Synthesis, structural and hydrogenation properties of Mg-rich MgH2-TiH2 nanocomposites prepared by reactive ball milling under hydrogen gas

MgH2-TiH2 nanocomposites have been obtained by reactive ball milling of elemental powders under 8 MPa of hydrogen pressure. The composites consist of a mixture of beta-rutile MgH2, gamma-orthorhombic high pressure MgH2 and epsilon-tetragonal TiH2 phases with nanosized crystallites ranging from 4 to 12 nm. In situ hydrogen absorption curves on milling reveal that nanocomposite formation occurs in less than 50 min through the consecutive synthesis of the TiH2 and MgH2 phases. The abrasive and catalytic properties of TiH2 speed up the formation of the MgH2 phase. Thermodynamic, kinetic and cycling hydrogenation properties have been determined for the 0.7MgH(2)-0.3TiH(2) composite and compared to nanometric MgH2. Only the MgH2 phase desorbs hydrogen reversibly at moderate temperature (523 to 598 K) and pressure (10(-3) to 1 MPa). The presence of TiH2 does not modify the thermodynamic properties of the Mg/MgH2 system. However, the MgH2-TiH2 nanocomposite exhibits outstanding kinetic properties and cycling stability.

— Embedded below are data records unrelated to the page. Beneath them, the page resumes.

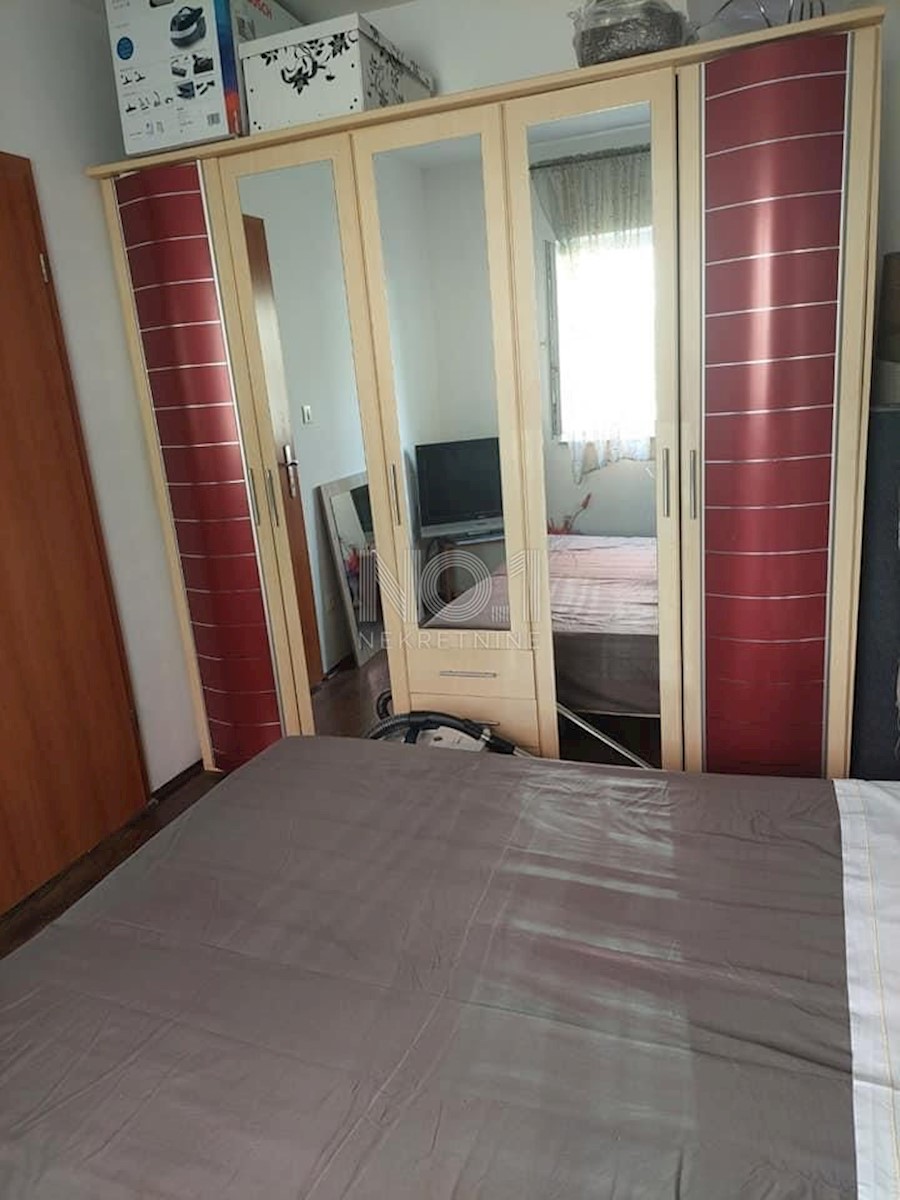 Apartmán Na prodej - PRIMORSKO-GORANSKA VIŠKOVO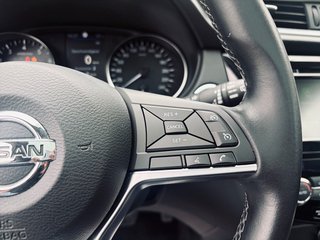 Nissan Qashqai Zama 1.3 Automatik+4xKamera+Pano+I-Key+ - foto 4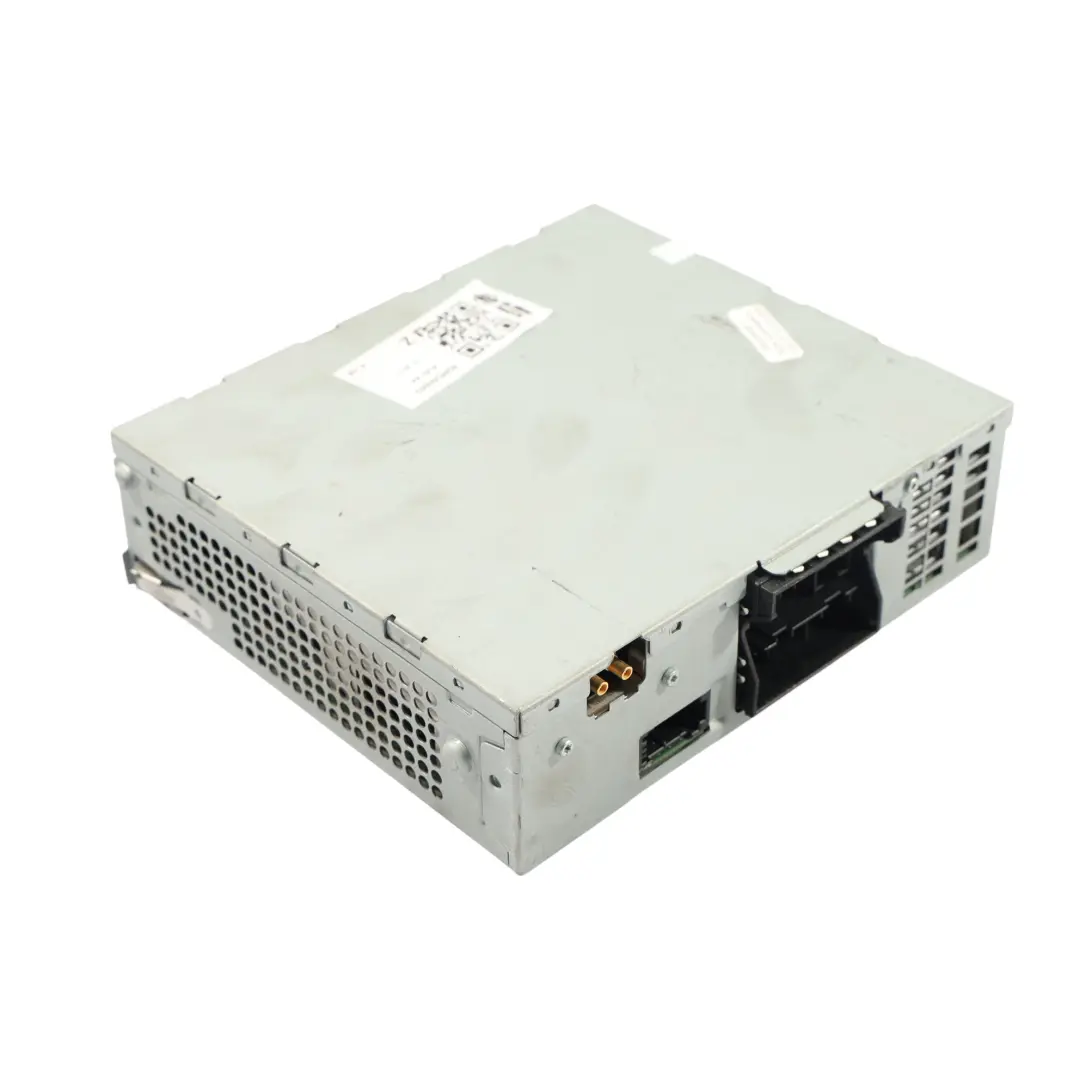 Audi A4 B8 Autoradio Multimédia Avec Système Navigation Satellite DAB - SKU 4G0035056D - Numéro de pièce 4G0035056D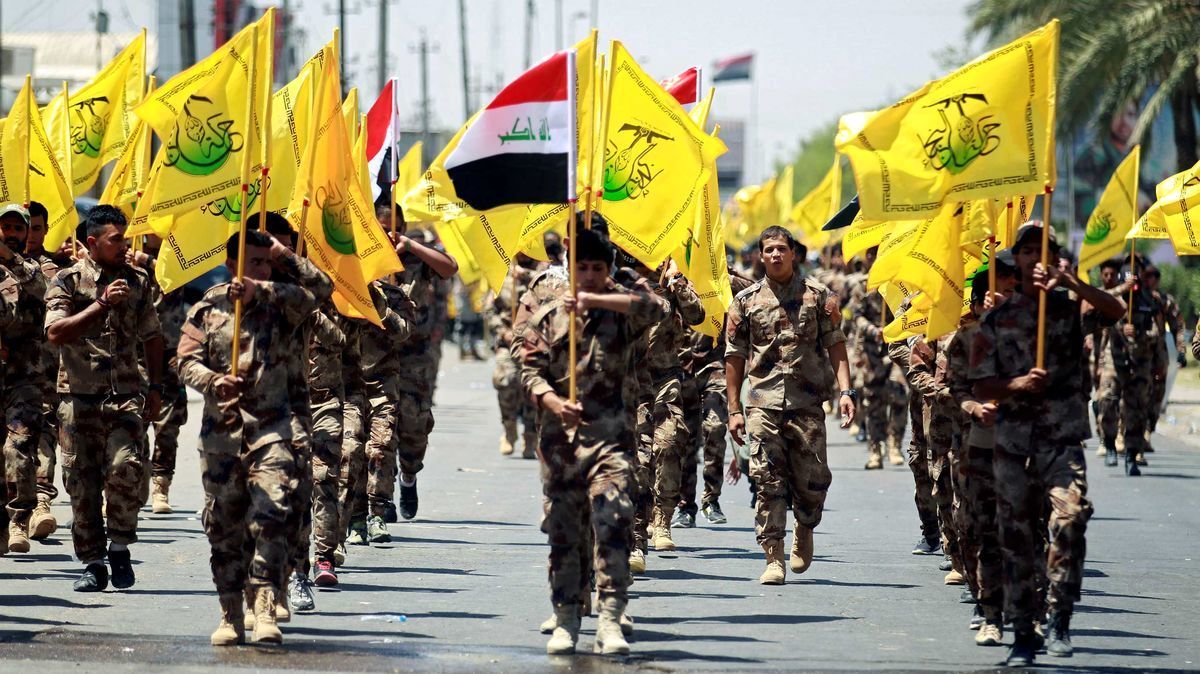 موشک بالستیکی که آمریکایی‌ها را غافلگیر کرد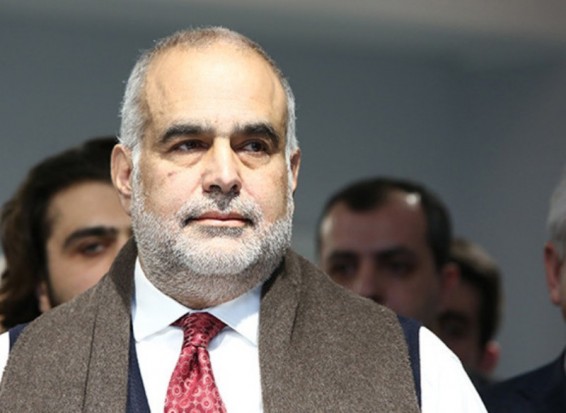 Րաֆֆի Հովհաննիսյան. Հայաստանում մատնահետքերի համապետական բազա չկա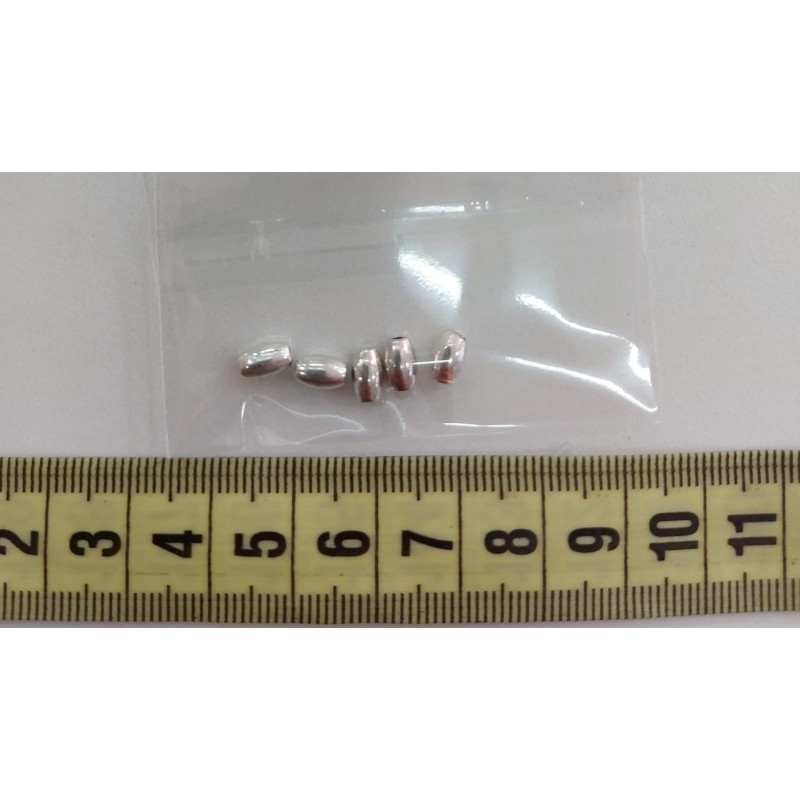 Separadores metálicos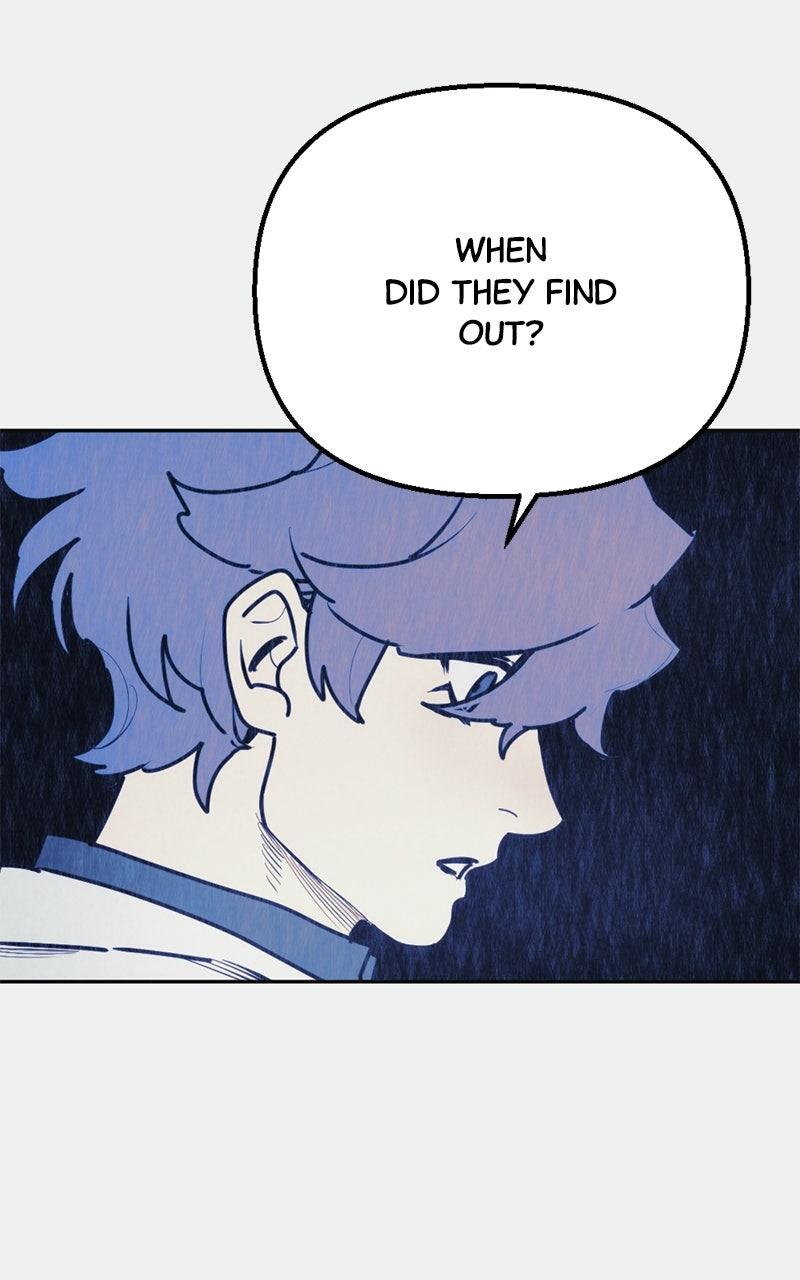 Miro in Memory Chapter 79 page 10 - 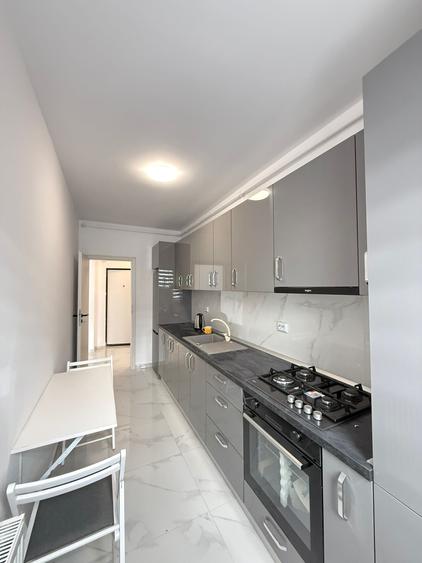 APARTAMENT 2 CAMERE - BLOC NOU - COMISION 0% - TVA INCLUS - DIRECT DEZVOLTATOR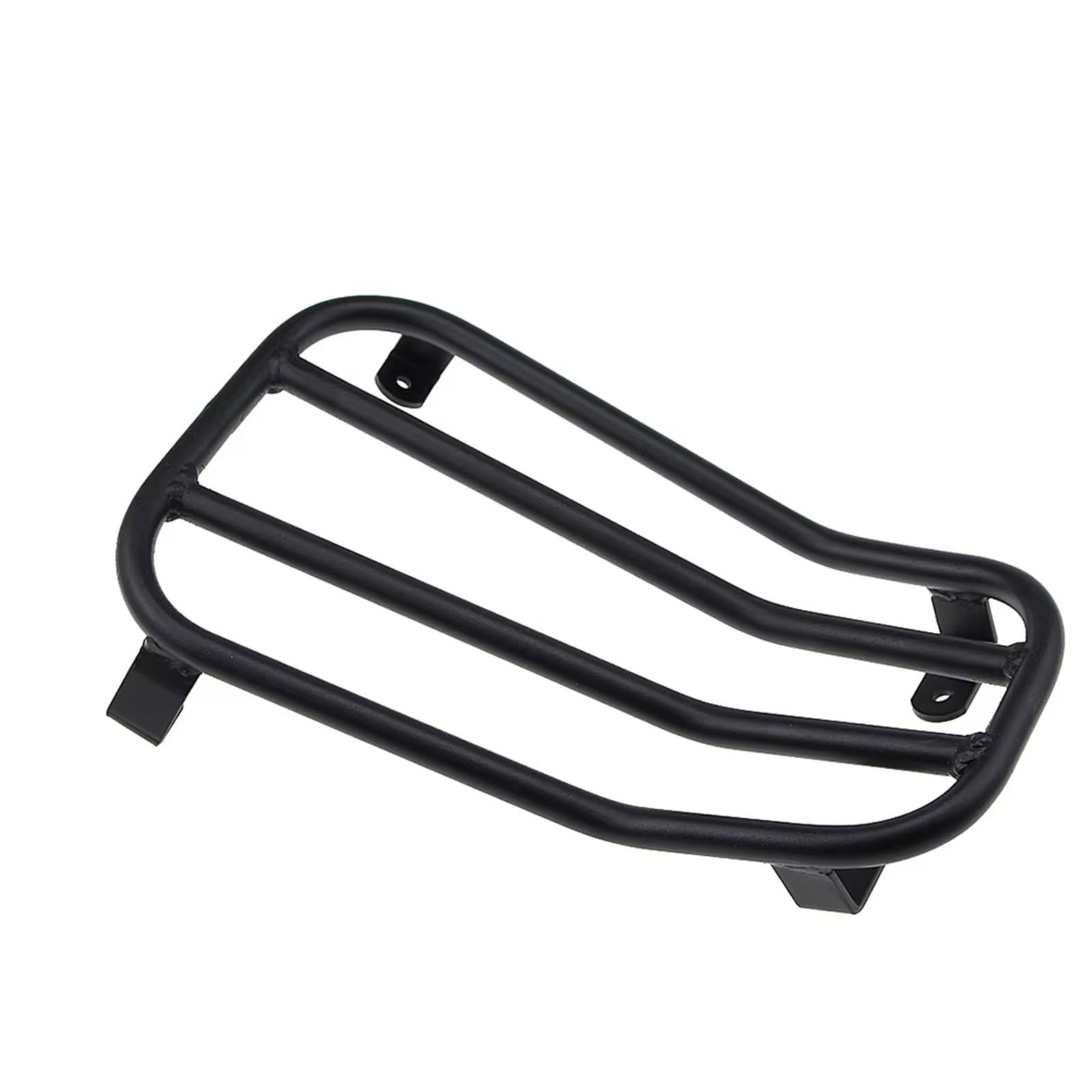 Motorrad-Gepäckträger Hinten Für Para Para Para Para Para Para Para Para Para Para Para Para Para Para Para Vespa Für GT Für GTS Für GTV 60 125 200 250 300 300ie Motorrad Fußpedal Hinten Gepäck Rack H von ZHANFEIS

At 573 K, H-sorption takes place in less than 100 s. This is 20 times faster than for a pure nanometric MgH2 powder. We demonstrate that the TiH2 phase inhibits grain coarsening of Mg, which allows extended nucleation of the MgH2 phase in Mg nanoparticles before a continuous and blocking MgH2 hydride layer is formed. The low crystallinity of the TiH2 phase and its hydrogenation properties are also compatible with a gateway mechanism for hydrogen transfer from the gas phase to Mg. Mg-rich MgH2-TiH2 nanocomposites are an excellent media for hydrogen storage at moderate temperatures.